## Provided information
◆ ◆ ◆ ◆ ◆

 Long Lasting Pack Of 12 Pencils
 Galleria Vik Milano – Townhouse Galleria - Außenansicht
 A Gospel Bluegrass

◆ ◆ ◆ ◆ ◆

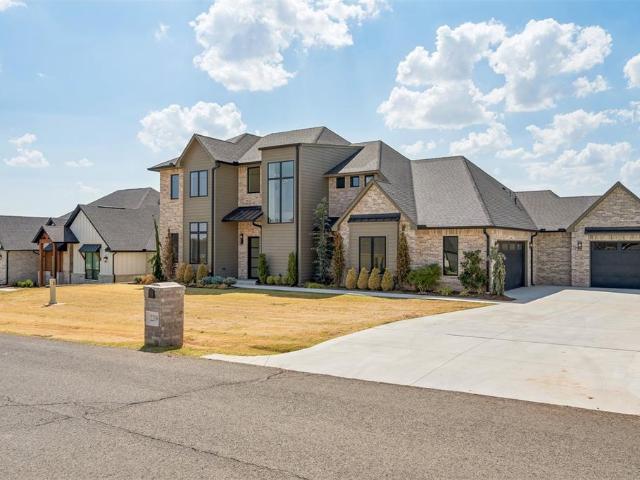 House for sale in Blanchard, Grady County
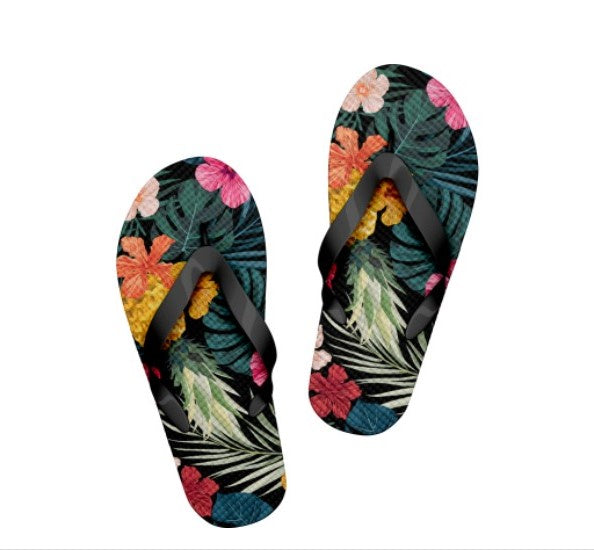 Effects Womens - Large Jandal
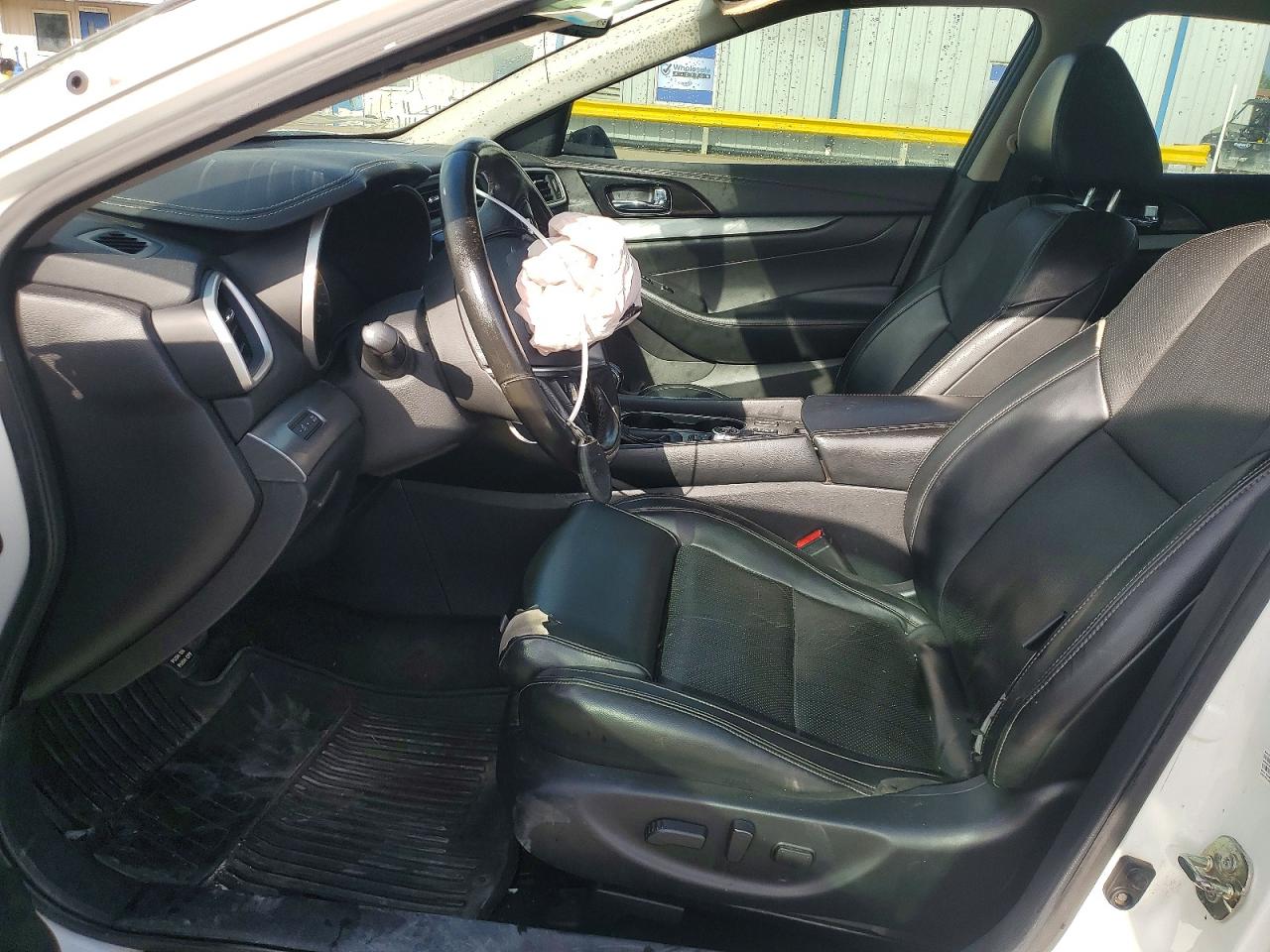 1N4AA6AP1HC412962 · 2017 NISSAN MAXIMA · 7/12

◆ ◆ ◆ ◆ ◆

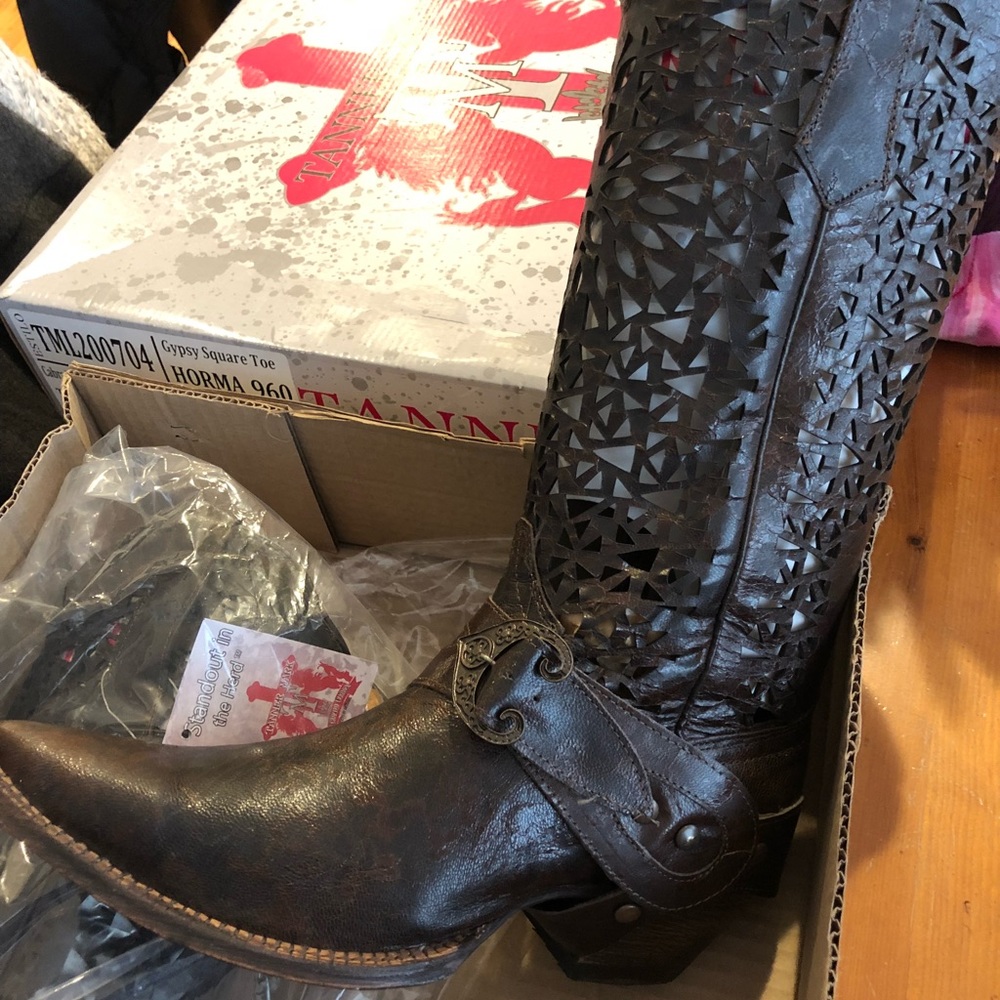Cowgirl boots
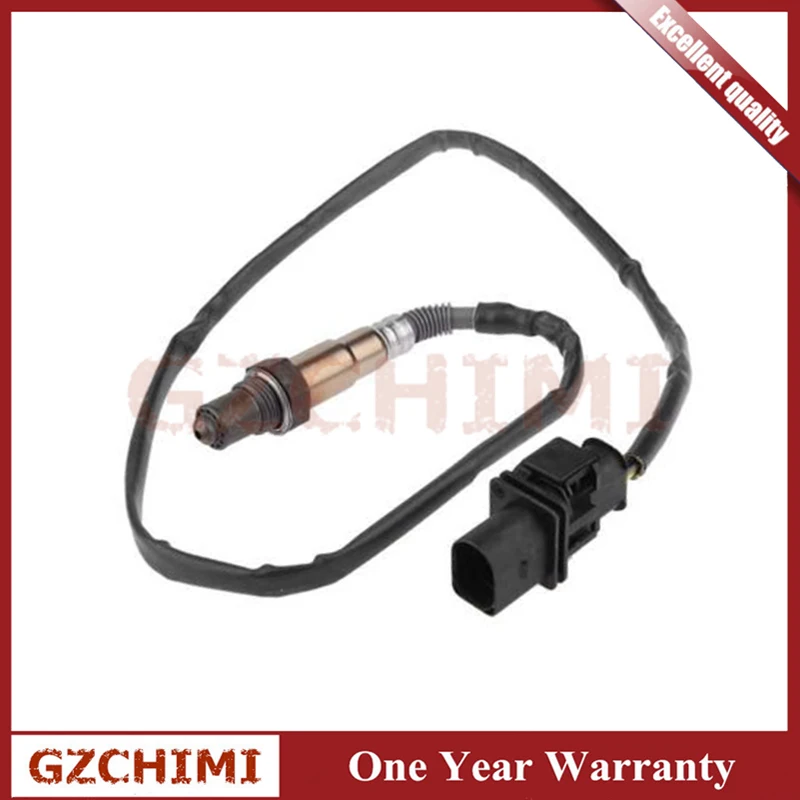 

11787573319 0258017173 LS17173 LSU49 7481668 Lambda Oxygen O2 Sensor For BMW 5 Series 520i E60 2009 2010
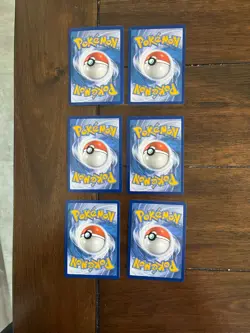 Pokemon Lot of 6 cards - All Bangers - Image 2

◆ ◆ ◆ ◆ ◆

## What you will do
Return exactly the stretch above whose first line contains "Effects Womens - Large Jandal" and whose last line contains "1N4AA6AP1HC412962 · 2017", and nothing outside it. The pictures should not appear.

## Answer for the task
 Effects Womens - Large Jandal
 1N4AA6AP1HC412962 · 2017 NISSAN MAXIMA · 7/12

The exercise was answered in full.